* DATASET EXTRACT *

━━━━━━━━━━━━━━━━━━━━━━━━━━━━━━

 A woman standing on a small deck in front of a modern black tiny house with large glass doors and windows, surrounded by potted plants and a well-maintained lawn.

━━━━━━━━━━━━━━━━━━━━━━━━━━━━━━

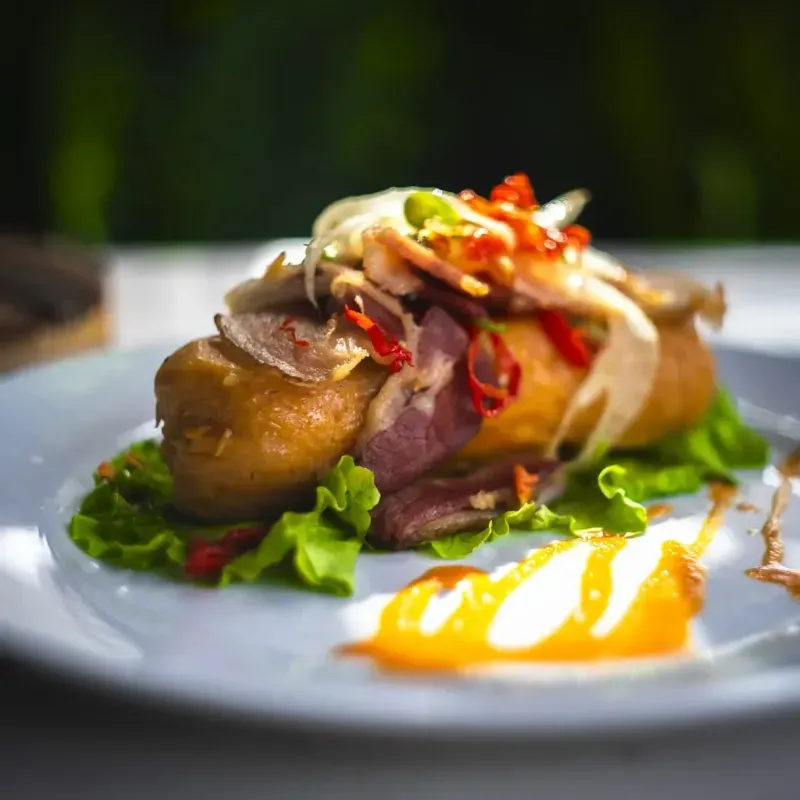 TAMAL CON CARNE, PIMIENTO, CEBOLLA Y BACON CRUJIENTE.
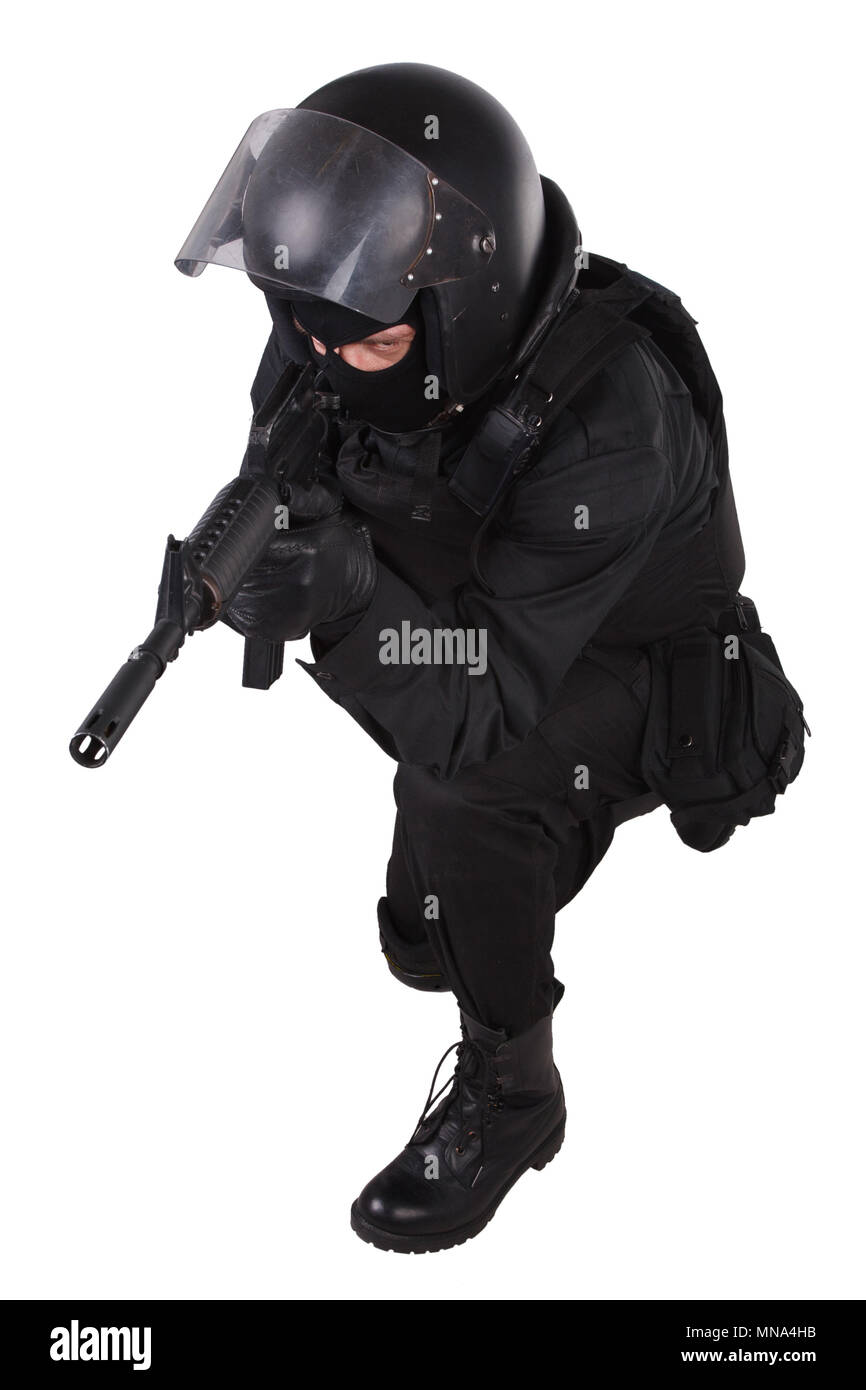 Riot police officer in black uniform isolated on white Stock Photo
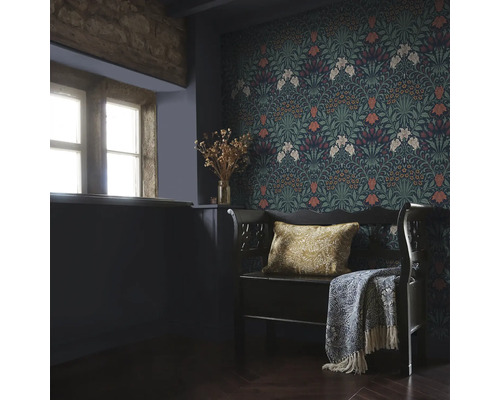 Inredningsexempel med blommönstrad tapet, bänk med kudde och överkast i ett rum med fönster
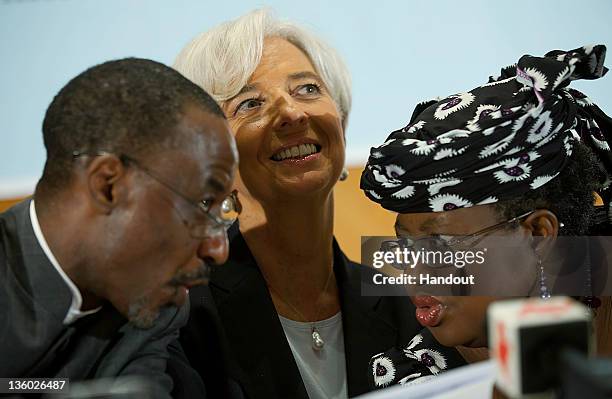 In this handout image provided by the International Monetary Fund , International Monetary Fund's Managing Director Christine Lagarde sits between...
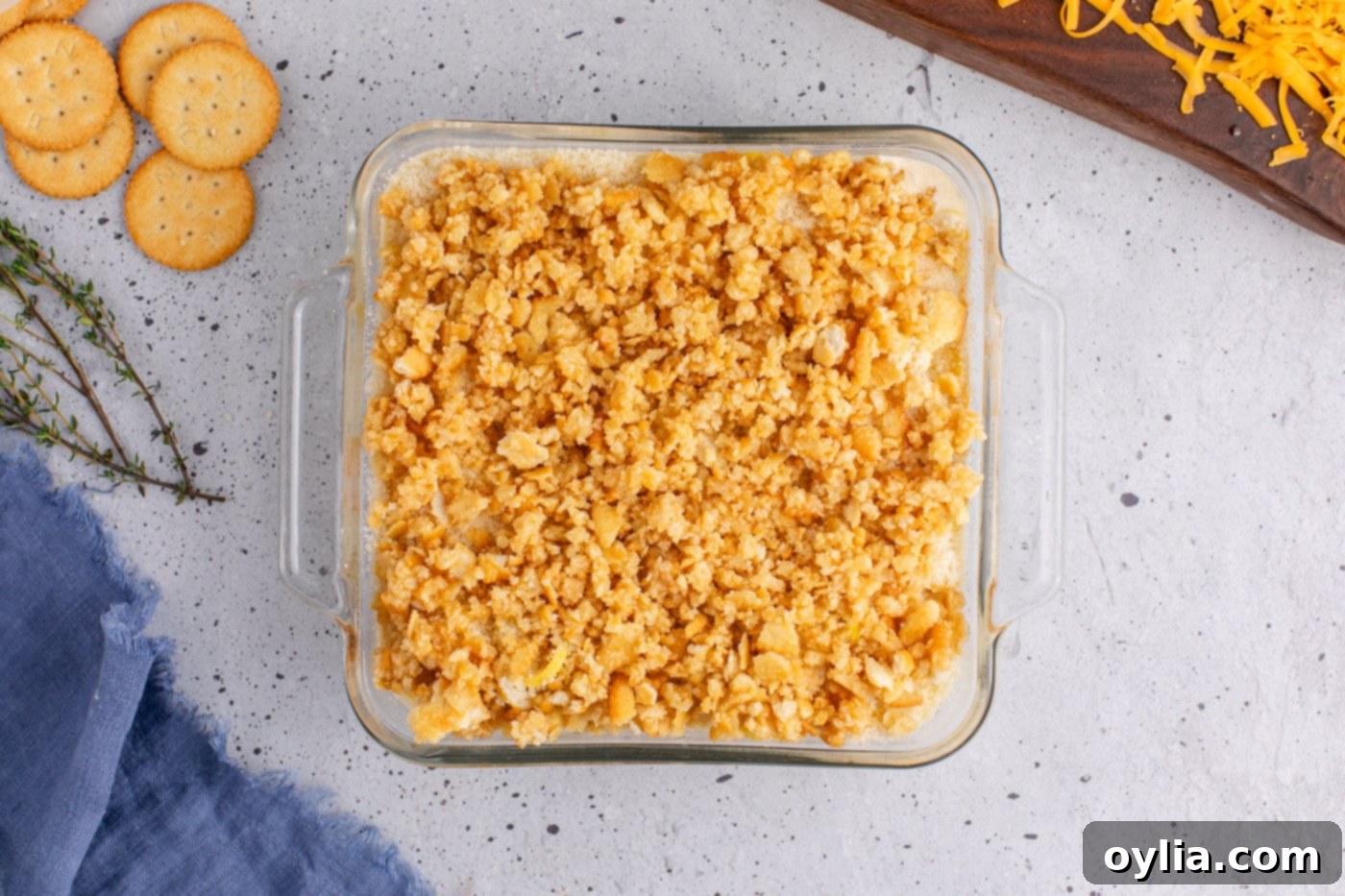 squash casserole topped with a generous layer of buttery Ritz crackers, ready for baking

━━━━━━━━━━━━━━━━━━━━━━━━━━━━━━

* EXERCISE INSTRUCTIONS *
All lines above from the one containing "Riot police officer" up to and including the one containing "squash casserole topped" are to be set down exactly, and nothing else. Leave images out.

* FINAL ANSWER *
 Riot police officer in black uniform isolated on white Stock Photo
 Inredningsexempel med blommönstrad tapet, bänk med kudde och överkast i ett rum med fönster
 In this handout image provided by the International Monetary Fund , International Monetary Fund's Managing Director Christine Lagarde sits between...
 squash casserole topped with a generous layer of buttery Ritz crackers, ready for baking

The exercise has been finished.